→ **Provided material**:
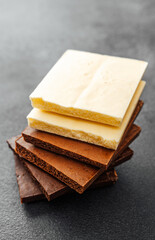 Stack of assorted chocolate pieces in white, milk and dark flavors on black background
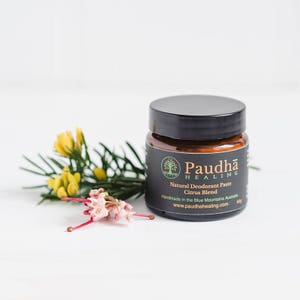 May include: A small glass jar with a black lid containing natural deodorant paste. The jar has a black label with the text "Paudha Healing" and "Natural Deodorant Paste Citrus Blend" in white. The jar is sitting on a white surface with a sprig of yellow and pink flowers.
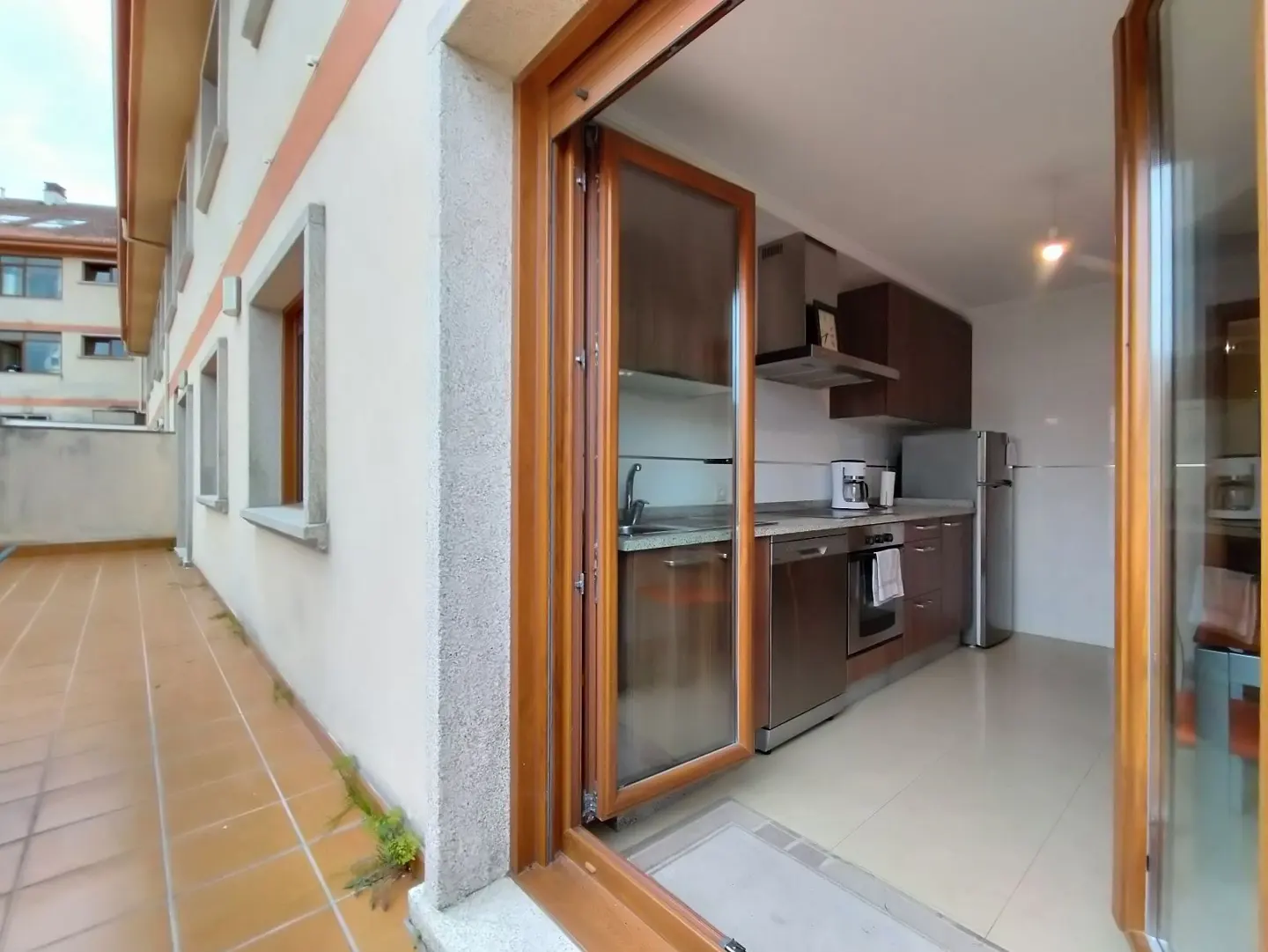 Open wood-framed glass doors lead from a tiled patio into a kitchen. The kitchen has stainless steel appliances and dark wood cabinets.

→ **Brief**: Where a picture appears in the listing above, skip it and set down all the rest exactly.

→ **Solution**:
 Stack of assorted chocolate pieces in white, milk and dark flavors on black background
 May include: A small glass jar with a black lid containing natural deodorant paste. The jar has a black label with the text "Paudha Healing" and "Natural Deodorant Paste Citrus Blend" in white. The jar is sitting on a white surface with a sprig of yellow and pink flowers.
 Open wood-framed glass doors lead from a tiled patio into a kitchen. The kitchen has stainless steel appliances and dark wood cabinets.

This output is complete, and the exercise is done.